Being a historian, I feel the need to do research. It's interesting that at the end of that infamous Justice League story Doc and Shaen called back to, Gorilla Grodd winds up violently Mental-Blasted and trapped in the Phantom Zone for five months RL time, and then disappears again for another RL year. You know, that's actually not bad; and that's in comics specifically designed to ape[1] the Silver Age with a Modern Age feel. If a captured bad guy spent five RL months in prison (maybe with a prison thread, or a Suicide Squad thread), then reappeared for a thread thanks to a breakout by his cronies, that'd be fine by me. ;)

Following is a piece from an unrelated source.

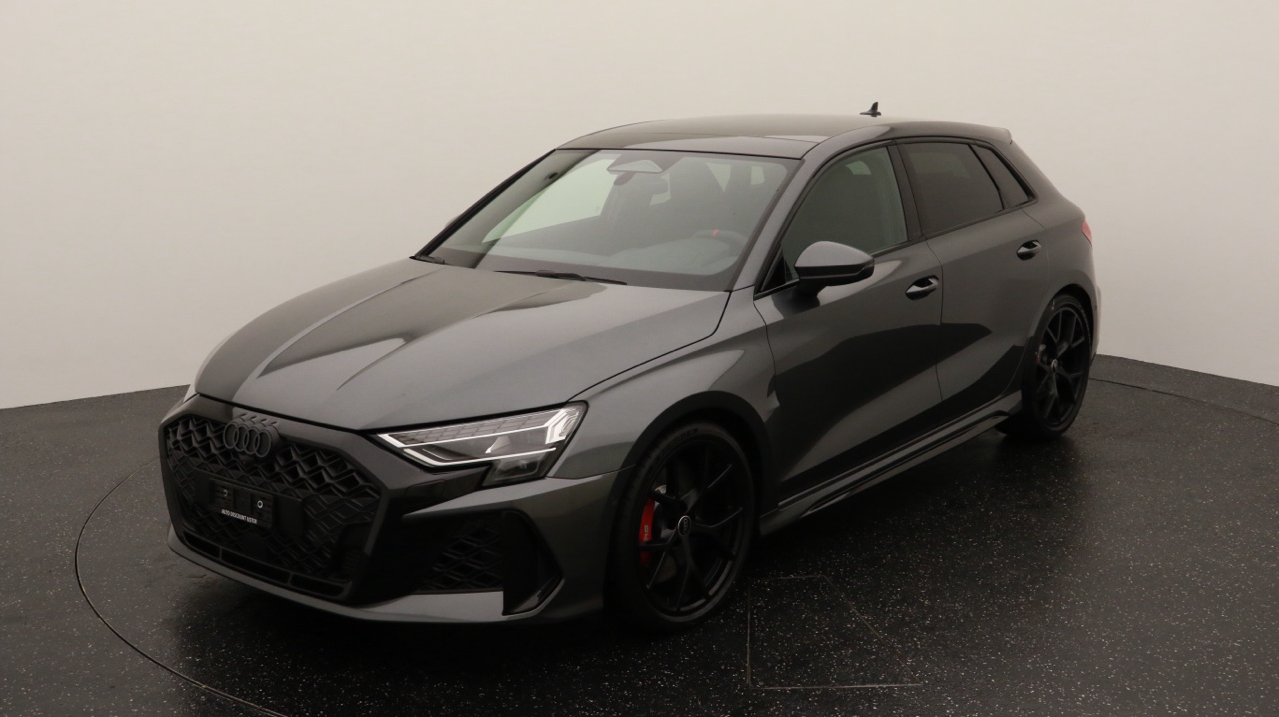 Audi<br>RS3 Sportback 2.5 TSI quattro S-tronic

I'm content with the code of conduct we have for villains. I don't think we should inject content from the Marvel Superhero RPG into Mutants and Masterminds. I do think we need a better way to handle PC villains. If we are going to have them, and we are going to allow non-choreographed PVP, I think we should give the villain players a chance to do something with their characters even while they're facing incarceration. (Whether that's a prison thread, a 'Salvation Run' thread, a Suicide Squad thread, or even by an "Almost Got 'Em" thread where they all flashback to their greatest hits.) If you don't like facing incarceration, don't play a villain. :)

(And hey, I like the timeline. It appeals to the historian in me. Better to be too rigorous than not enough.)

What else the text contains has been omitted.